The significant language in this case is on page 16:
…the legal principles prohibiting an employer from requiring an employee to share his or her personal top with the employer’s agent (“mandatory tip pooling”) do not logically apply to an employer policy requiring equitable apportionment of the proceeds in a collective tip box (“tip apportionment”)
So—shift supervisors can share in tip proceeds like the advance sheets say? Not so fast.
This is what you might call a highly fact intensive situation. It’s hard to say, of course, what was outcome determinative in this case, but here are three important things to consider before rewriting your employee handbooks:
(1) Starbucks has a relatively complex formula and procedure for allocating tips and placing the tip container.
(2) Starbucks shift supervisors were in the record as performing the same tasks as the Baristas about 90% of the time and only having “reporting” authority to the managers.

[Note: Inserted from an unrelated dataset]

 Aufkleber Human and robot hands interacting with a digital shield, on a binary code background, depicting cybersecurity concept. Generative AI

Those two were in the opinion. Then there’s this:
(3) Starbucks may not have invented the tip jar, but they may it ubiquitous. It’s been in the news, it’s been on TV, and we all know that it’s not quite the same thing as a personal tip. In other words, we have socially understood expectations and rules about the Starbucks tip jars that we may not in other situations. I know the case law was said to be irrelevant, but much section 351 case law discusses “intent.”
So, unless you have these things all going for you, I think it might be inviting disaster to just label this a “liberalization” of tip pooling rules. We may or may not get a more definitive rule from the California Supreme Court, but an amendment to the law from the Legislature telling us exactly how this is supposed to work in the modern workplace would be best.

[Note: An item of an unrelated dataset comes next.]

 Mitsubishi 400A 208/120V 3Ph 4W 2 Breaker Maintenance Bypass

P.S. Instead of citing evidence on the record, or taking judicial notice of some kind of market data, the Court cites another court case for the seemingly factual proposition that “‘tipping the providers of personal service’ is a ‘well-accepted part’ of our daily lives.” Does anyone else have a problem with this?
I don’t have as much of a problem with that as just saying it, though in this particular case, it doesn’t seem to be something objectionable, but I don’t want to create that slippery slope. Why is case law citable for facts?



{ 2 comments }
what the court said was that Starbucks didn’t owe $105 million to 100,000 workers (less supervisors).

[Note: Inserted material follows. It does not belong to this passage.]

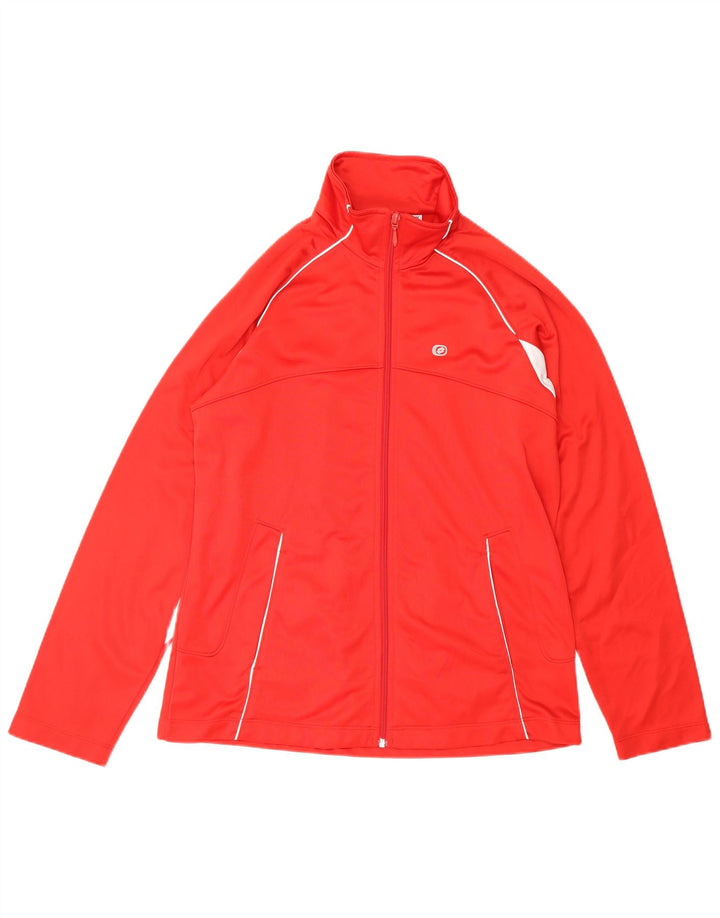LOTTO Womens Tracksuit Top Jacket UK 14 Medium Red Colourblock Polyester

why a tip jar (subject to distribution to supervisor) differs from a tip tossed on a restaurant table (subject to only pooling but not to supervisors) eludes me.
the opinion noted starbucks’ workers could freely pocket any tip handed to them personally. do restaurant tips handed to the server fall outside of the scope of restaurant tip pools? can a server keep any money handed to them directly by a customer, or can an employer require these funds to be pooled (as I thought)? the opinion suggests the fact workers could keep “personal” tips helps distinguish the common nature of the tip box (in addition to the fact that supervisors and workers performed common tasks).
however, that a 4″x4″ unmarked plexi box near the register is some sui generis not-before-seen money-thingy rather than an express tip pool isn’t obvious to me (I’d thought the traditional rules — no sups — would apply).
tossing money in a box or on the table after a meal generally means I want to reward the chain of (I’ll go with that, rather than just “direct”) service; I don’t understand why a box-fed slush fund differs from the cash swept up from a table by a server/busperson after the meal.
the individually-handed v. common tip has some intellectual attraction (e.g., workers can keep anything directly given to them by a patron but must pool anything not directly given a person), as it directly relates to customer intention. however, despite the recent opinionS giving weight to the supposed intentions of customers, they allowed the employer (or the court) to guess these, or to estimate what the bulk of customers intend, rather than to seek out individual intents in the thousands of daily tip transactions.
I think the personally-handed-by-customer (no pooling; no taxing by supervisors) v. left-behind-by-customer (pooling; distribute to everyone in the chain) (and whether in a box or on a table) distinction would more accurately handle the individual intents.
Kent:
I think the bottom line is that Courts are walking back the old rule, and they are hanging their hats on some interest “facts” to do it, and I think the distinction you’re not seeing doesn’t exist apriori, just in Starbuck’s own policy. In other words, you’re correct. There is no obvious distinction in the abstract.
Which is why I say it’s perilous to duplicate this situation unless they really are only titular supervisors and you have a strongly equitable policy like Starbucks did.